Gross domestic product figures fell short of expectations and represented a slowdown from the previous quarter, but analysts forecast continued growth nonetheless.

GDP expanded just 0.1 percent in the last quarter of 2017, the Cabinet Office said, a far cry from the 0.6 percent figure for July-September.

"The growth rate for the last quarter was very low compared with the bubble period but the economy is solid enough," said Takeshi Minami, chief economist at Norinchukin Research Institute.

"The slowdown was due primarily to inventory adjustments and a decline in the contribution of net exports due to strength in imports," added analysts at Barclays in a report.

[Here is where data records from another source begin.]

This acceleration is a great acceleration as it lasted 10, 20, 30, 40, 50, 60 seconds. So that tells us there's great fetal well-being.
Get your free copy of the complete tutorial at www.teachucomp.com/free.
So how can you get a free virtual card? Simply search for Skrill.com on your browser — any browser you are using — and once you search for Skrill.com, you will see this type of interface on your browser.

"As such, it did not imply a pull-back in the momentum of economic recovery," analysts Tetsufumi Yamakawa, Yuichiro Nagai and Yukito Funakubo wrote.

At an annualized rate, the world's third-largest economy grew 0.5 percent, also missing expectations.

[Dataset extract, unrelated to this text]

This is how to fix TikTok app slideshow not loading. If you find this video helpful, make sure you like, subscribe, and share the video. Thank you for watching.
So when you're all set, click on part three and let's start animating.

"There are lingering worries over consumption but we can expect the economy to pick up further if 'shunto' wage hikes are better than the previous years," said Minami, referring to collective wage negotiations between labor and management held every spring.

"The current expansion could be extended further," he told AFP.

For the calendar year 2017, the economy grew 1.6 percent, against 0.9 percent in 2016.

Japan's Minister for Economy, Trade and Industry Toshimitsu Motegi said the current expansion was solid compared with the more volatile "bubble" boom in the 1980s, according to Bloomberg News.

Speculative investment in land and stocks on low interest rates, pushed the Nikkei stock index to almost 40,000 in 1989 -- nearly double its current level.

But the bubble burst at the start of the 1990s, ushering in a period of low or no growth known as the "lost decades".

- 'Bubble economy' -

The current period of growth is good news for Prime Minister Shinzo Abe, who has been trying to fire up the economy with his pro-spending policy dubbed Abenomics since he took office in late 2012.

Junko Nishioka, chief economist at Sumitomo Mitsui Banking Corp., also said an uptick in income suggested the Japanese economy would expand further. 

Abenomics is providing "a wide range of tax measures quite beneficial to Japanese firms", she said, with the current expansion phase less reliant on exports.

"Compared to the bubble economy, the Japanese corporate sector is very cautious in its investment, in other words the signs of a bubble are contained compared to 30 years ago," Nishioka added.

Bank of Japan Governor Haruhiko Kuroda, who looks set to stay at the helm until 2023, has vowed to maintain a loose monetary policy given still weak inflation.

The Japanese economy has enjoyed a period of largely export-driven growth, helped by a recovering global economy.

It has also got a shot in the arm from domestic demand spurred by infrastructure upgrades ahead of the 2020 Olympic Games.

However, with wage growth and consumption persistently lukewarm, the economy is still battling to make a clear break from deflation.

Minami, at Norinchukin, warned low wage hikes could derail the scenario of continuing growth. 

"We have seen financial market turbulence in February. If companies take this as an excuse to resist wage hikes, it would darken the scenario for a long-lasting expansion," he said.